Bild: Richard Rorty (1931-2007)
Für Menschen auf der Suche nach Autoritäten war Richard Rorty nie der
richtige Denker. Wer etwa Philosophie studierte, um ein für allemal etwas
über die grundlegenden Strukturen der Welt, der Menschen und der Erkenntnis
zu erfahren, der konnte mit ihm seine Rortykrise erleben, so wie viele
Generationen von Intellektuellen zuvor ihre Kantkrise erlebt haben.
Ich kann mich noch gut an die Verblüffung erinnern, die mich überkam, als
ich zum ersten Mal die Einleitung zu "Kontingenz, Ironie und Solidarität"
las, seinem Hauptwerk von 1989. Mit welcher Gelassenheit er darin die
altehrwürdige philosophische Problematik, zwischen Allgemeinem und
Besonderem, Öffentlichem und Privatem zu vermitteln, historisierte!
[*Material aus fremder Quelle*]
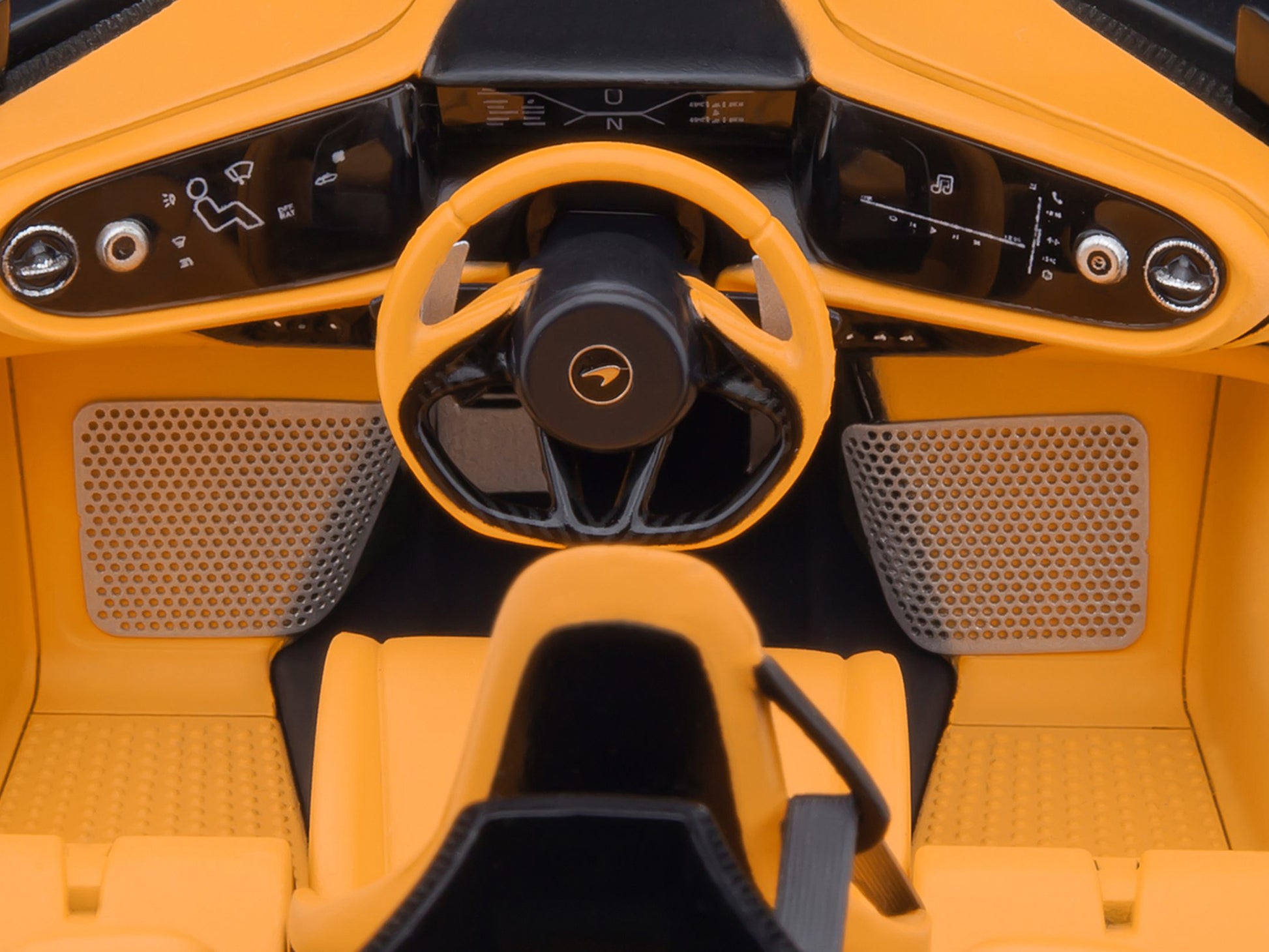 McLaren Speedtail Lantana Purple Metallic with Black Top and Yellow Interior and Suitcase Accessories  1/18 Model Car by Autoart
Richard Rorty kam als Autor stets ohne gedankliches Prunken und Protzen
aus. Was man an dieser Einleitung gut zeigen kann. Sein Einsatz, das
philosophische Denken pragmatisch zu erden und aus seinen metaphysischen
Höhen in unsere Welt aus Raum, Zeit, Zufälligkeiten und Veränderungen
herunterzuholen, ist hier auch sprachlich zu sich gekommen. Ohne
Auftrumpfungsgesten erklärt Rorty darin den Gegensatz zwischen Denkern des
Individuums und der Selbsterschaffung (Nietzsche, Heidegger) und solchen
der Gesellschaft und der Gerechtigkeit (Marx, Habermas) für beendet - beide
Seiten haben recht: "Die einen erklären uns, dass wir nicht nur die
Stammessprache sprechen müssen, dass wir vielleicht unsere eigenen Worte
finden können, dass wir möglicherweise uns selbst gegenüber verpflichtet
sind, sie zu finden. Die anderen erklären uns, dass das nicht die einzige
Verpflichtung ist, die wir haben."
Wohlgemerkt, die Unterschiede zaubert Rorty gedanklich nicht weg, im
Gegenteil. Vielmehr können wir sie uns gerade nutzbar machen, indem wir, so
Rortys antidepressiver Weg aus diesem Widerstreit, die verschiedenen
Theorien wie Werkzeuge handhaben und sie anwenden, je nachdem, worüber wir
nachdenken. Rorty: "Wir könnten denken, dass sie sowenig eine Synthese
brauchen wie Malerpinsel und Brecheisen" - wobei offen bleibt, ob Rorty zum
Beispiel Habermas, seinen langjährigen Gesprächs- und Streitpartner, den
Pinseln oder den Brecheisen zurechnet, eine der vielen kleinen Ironien
dieser Prosa.
Vom Grübeln hin zum Handeln: Das ist die Wendung, die Richard Rorty
insgesamt vorschlägt. Er regt dazu an, die Hoffnung aufzugeben, durch
tiefes Nachdenken einen letzten Grund, eine unbezweifelbare Gewissheit zu
finden, auf der man sein Handeln gründen könnte - eine solche Ordnung
jenseits von Raum und Zeit, die festsetzt, worauf es im Leben ankommt, kann
es nicht geben. Stattdessen möchte Rorty, platt gesagt, dazu ermuntern,
nach vorn zu gucken und die Verwirklichung unserer Freiheit als nie
abschließbares und stets mit Versuchen und Irrtümern begleitetes Projekt zu
begreifen. Ein sozusagen nach vorne gerichtetes Durchwursteln - mit den
Zielpunkten, mehr und vielfältigere Glücksmöglichkeiten für die Individuen
zu schaffen und das Leid zu minimieren - ersetzt die Versuche, eine Instanz
aufzuspüren, die einem sagt, was man zu tun hat: heißt diese Instanz nun
Gott, Natur des Menschen, Vernunft, Moral, Theorie oder wie auch immer. Die
Geschichten von solchen Autoritäten hat Rorty dann durch Geschichten von
ebenso pragmatischen wie emphatischen Ansätzen zur
Gesellschaftsverbesserung ersetzt, die ohne Letztbegründungen auskommen;
einer seiner großen Gewährsmänner ist John Dewey.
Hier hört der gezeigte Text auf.